Ich war damals Diejenige, die aus diesem Grunde wieder zu den Eltern zurückgezogen ist, weil die Mutter krank geworden ist. Habe neben meiner Ausbildung und Arbeit versucht den kleineren Geschwistern die grosse Schwester zu sein und mich langsam aber sicher als Mutterersatz zu etablieren. Und trotzdem war immer alles falsch, was ich getan habe... Je kränker meine Mutter wurde, je schwieriger war es für mich, ihr alles Recht zu machen. Ich gab alles auf - praktisch mein Leben, nur um für sie da zu sein, für die beiden jüngeren Geschwister. Machte meine Arbeit weiter ... In der Mittagspause erledigte ich Einkäufe, nahm mir frei um mit ihr zum Arzt zu fahren; besuchte sie im Krankenhaus; machte den kompletten Haushalt - oft bis tief in die Nacht hinein.
Meinen Vater gabs auch noch - irgendwie. Er war haltlos überfordert, also musste ich herhalten. Hab das auch gemacht - die ganze Zeit während ihrer Krankheit und auch nach ihrem Tod. Bis der jüngste endlich 18 Jahre alt war. Dann war ich ausgepowert - mit Mitte 20 ...

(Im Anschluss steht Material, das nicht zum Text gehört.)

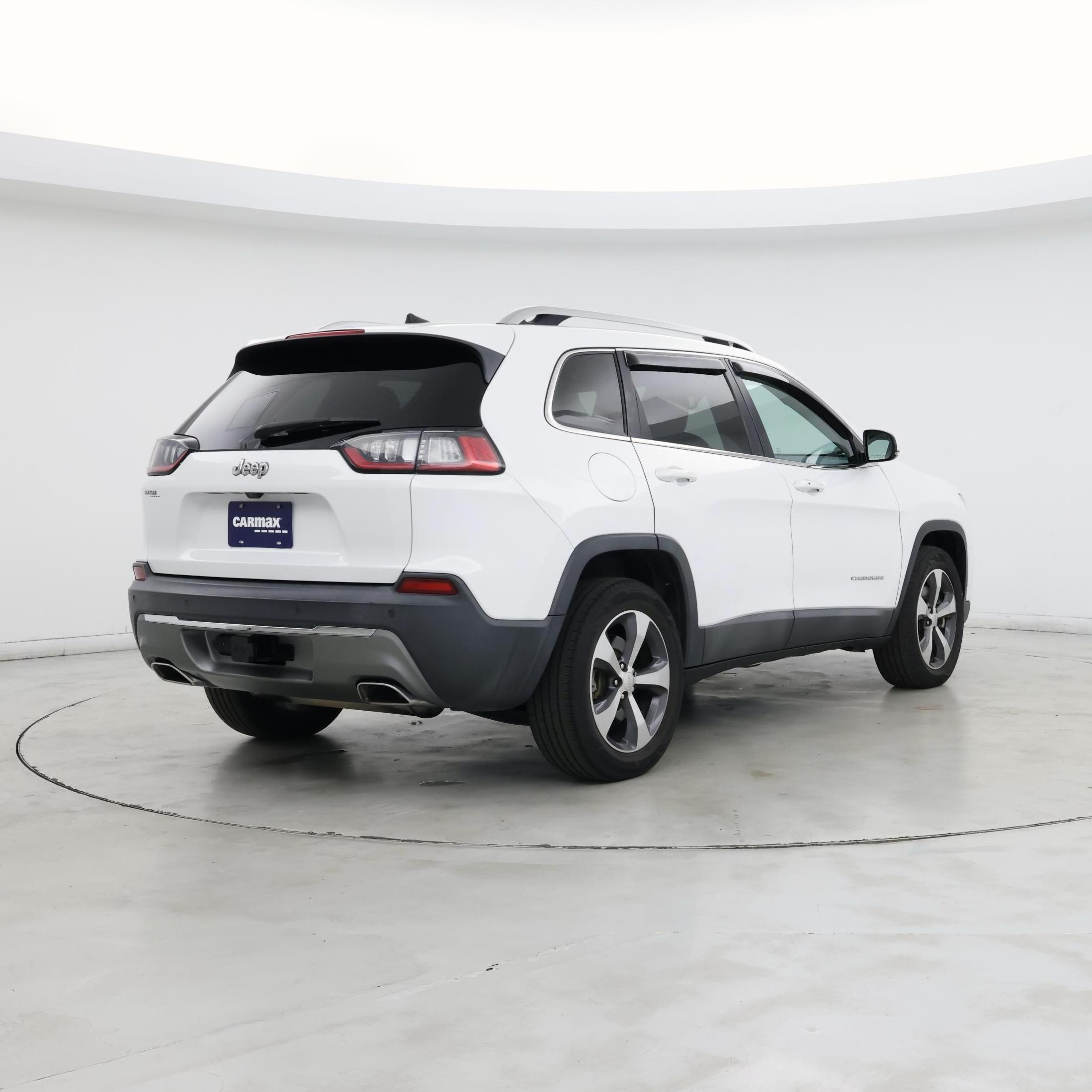 Thumbnail: 2019 Jeep Cherokee - 8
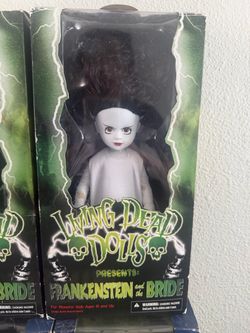 Living dead dolls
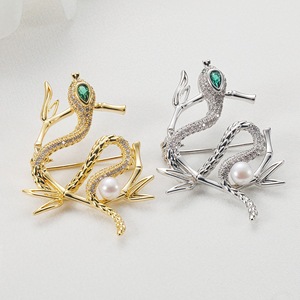 Broche de Lujo Femenino de Alta Gama con Diseño de Hoja de Bambú y Serpiente Dorada, Perla de Agua Dulce, Accesorio de Flor para el Pecho, para Traje o Chaqueta, para Regalo - Product Image 2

Heute würde ich vieles davon wieder machen, aber nicht alles.
Denn es hat mich viel zu viel gekostet - und es war keiner da, der mich mal in die Arme genommen hat, der mir mal zugehört hat. Alle dachten wohl immer - die E. ist stark, jung und eben die älteste Tochter des Hauses. Dann muss es eben so sein wie es ist. Gut, das ganze ist jetzt 25 Jahre her, es gab damals noch nicht so viele Hilfsmöglichkeiten wie heute. Aber jeder hat das Recht auf sein Leben. Und es ist gut, das Du es auch so siehst und machst.

Habt ihr schon mal darüber nachgedacht, das es durchaus auch die Möglichkeit gibt zusätzlich eine Pflegekraft zu engagieren? Dafür wird doch in die Pflegekasse eingezahlt.
Das hat nichts mit Abschieben zu tun, es ist eine unterstützende Maßnahme. Ich selber bin mittlerweile in eine Pflegestufe eingestuft - und kann mir so ein wenig Hilfe leisten. Das tut gut und macht mich unabhängiger von der Familie.

Leider kann man es nicht allen Recht machen Jule, egal was Du tust oder wie Du es tust. Wenn Menschen das negative sehen wollen, sehen sie all das Positive schon aus diesem Grund nicht. Es ist nicht einmal böse gemeint.

Auch wenn ich weiß, das Krebs eine sehr sehr schwere Krankheit ist, so habe ich mir fest vorgenommen, dies nicht an meine Angehörigen/Bekannten auszulassen. Auch ich als Patientin hab gewiße Pflichten, nicht nur Rechte. Nicht nur Rechte des Nehmens.
Wenigstens ein Dankeschön ist wohl immer drinnen, und tut auch niemanden weh es zu sagen... egal wie hart der andere Mensch ist - wahrzunehmen, was Andere für mich als Kranke tun. Ich habe nicht das Gefühl, Dankbar bis ins Dorthinaus sein zu müssen, für alles was für mich getan wird. Soviel ist es auch nicht, da ich viel lieber meine Selbständigkeit aufrecht erhalten will, und wenn es mit Hilfe der Pflegestufe ist, die mir zusteht.

Aber ich bedanke mich gerne mit ein paar Kleinigkeiten dafür. Und es tut mir gut, es so zu tun.

Wünsche Dor für Deinen Lebensweg alles Gute - und für die nächste Zeit viel kraft und vor alen Dingen eine Entscheidung, wie Du Dich weiterhin eingeben kannst - ohne Dich selber zu verlieren.

Der Vorschlag von Brigitte, ihr wenigstens einen Brief zu schreiben ist nicht schlecht. Wobei es auch sein kann, das es nicht viel helfen wird. Aber dann hast Du dir einen möglichen Weg gesucht. Mehr geht nun mal nicht.